- [About this task]
Find "Dutch Delft polychrome" below and begin at its line; stop after the line with "A living room". Output those lines exactly, without pictures.

- [Raw data]
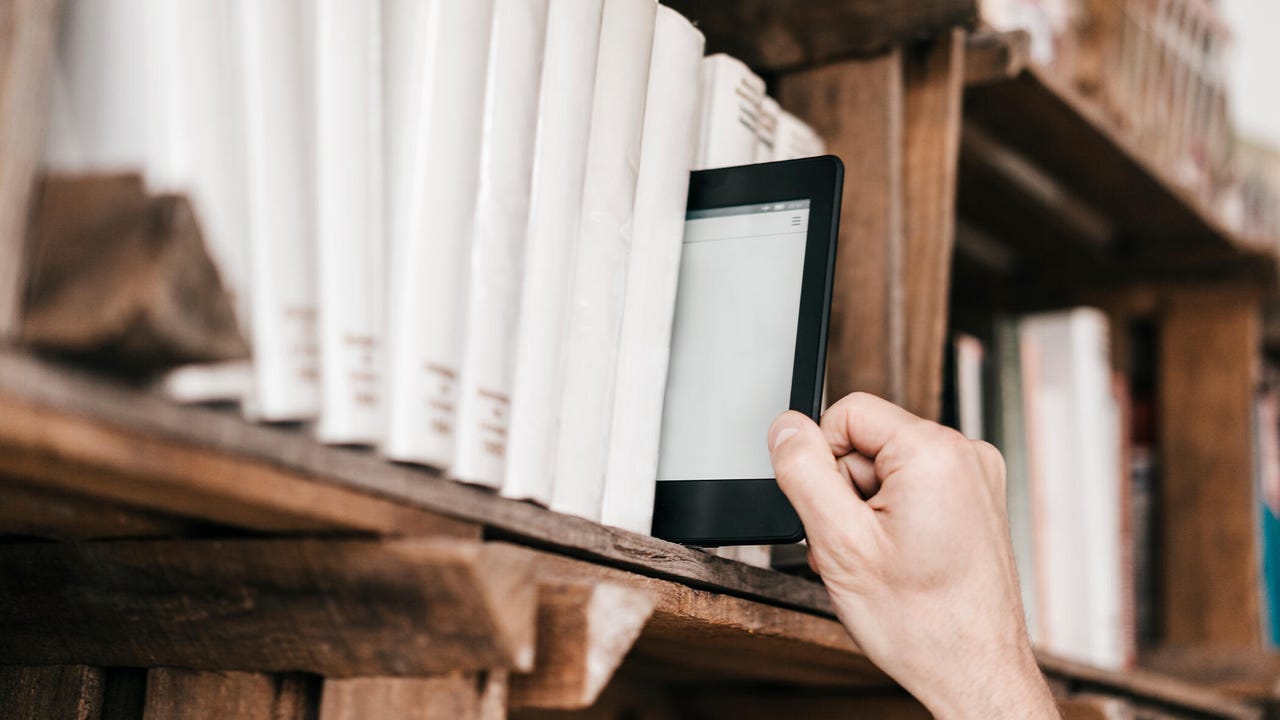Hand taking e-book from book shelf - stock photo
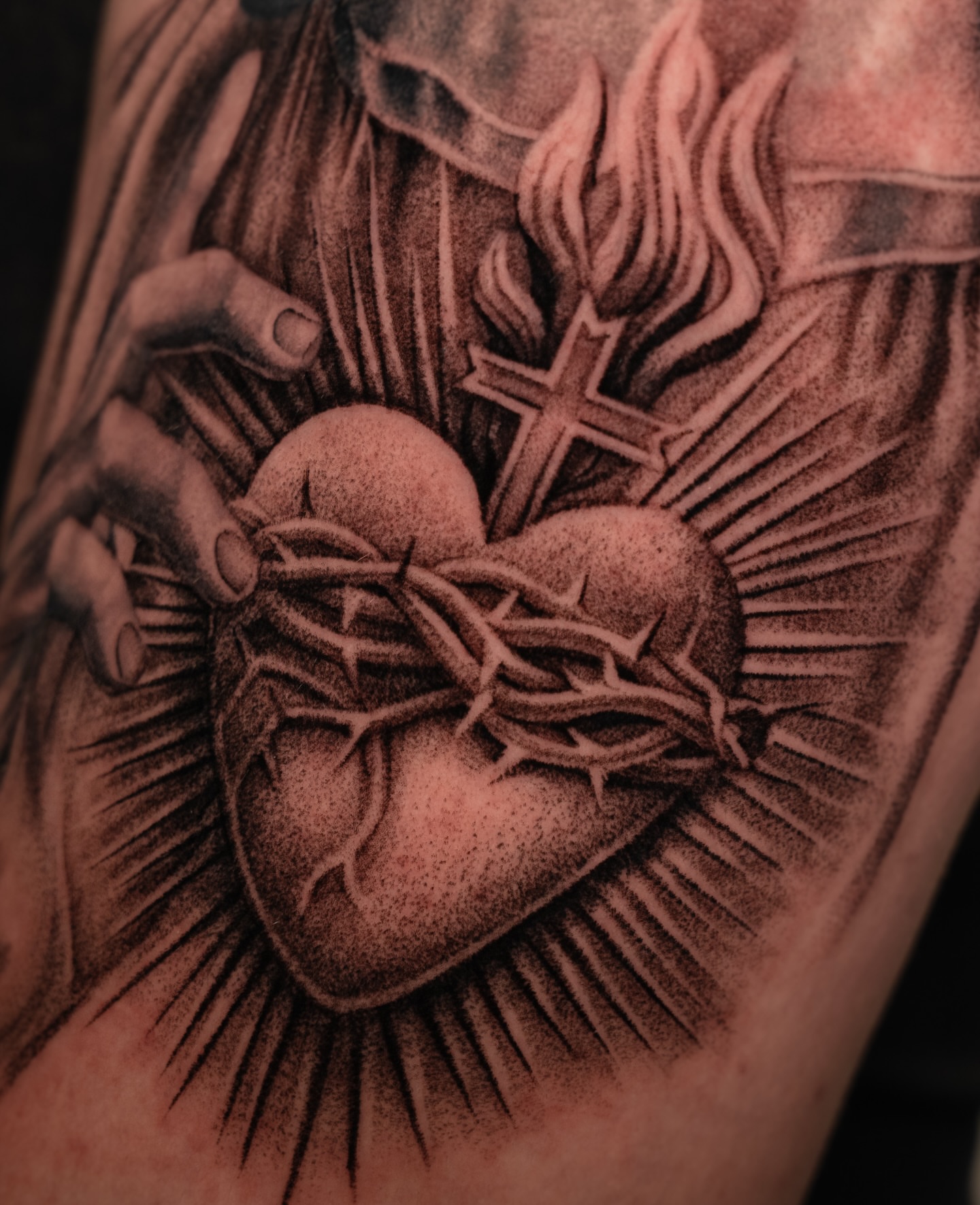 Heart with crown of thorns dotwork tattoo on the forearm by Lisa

---

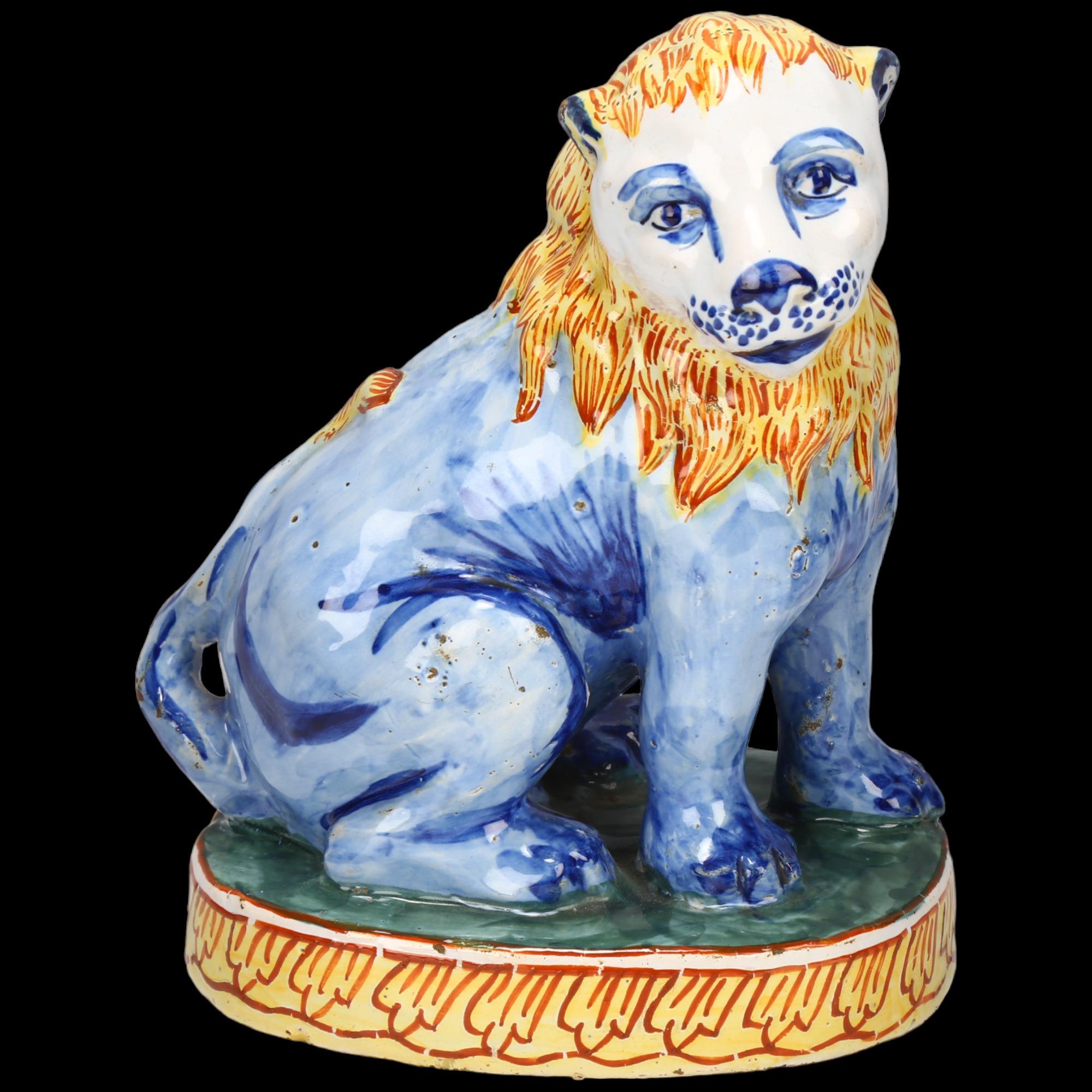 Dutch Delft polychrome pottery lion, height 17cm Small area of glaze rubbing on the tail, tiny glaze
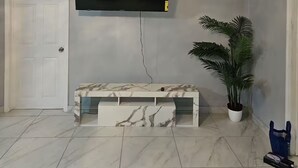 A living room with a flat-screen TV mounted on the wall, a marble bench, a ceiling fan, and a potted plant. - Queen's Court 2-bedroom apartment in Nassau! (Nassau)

- [Output for this exercise]
 Dutch Delft polychrome pottery lion, height 17cm Small area of glaze rubbing on the tail, tiny glaze
 A living room with a flat-screen TV mounted on the wall, a marble bench, a ceiling fan, and a potted plant. - Queen's Court 2-bedroom apartment in Nassau! (Nassau)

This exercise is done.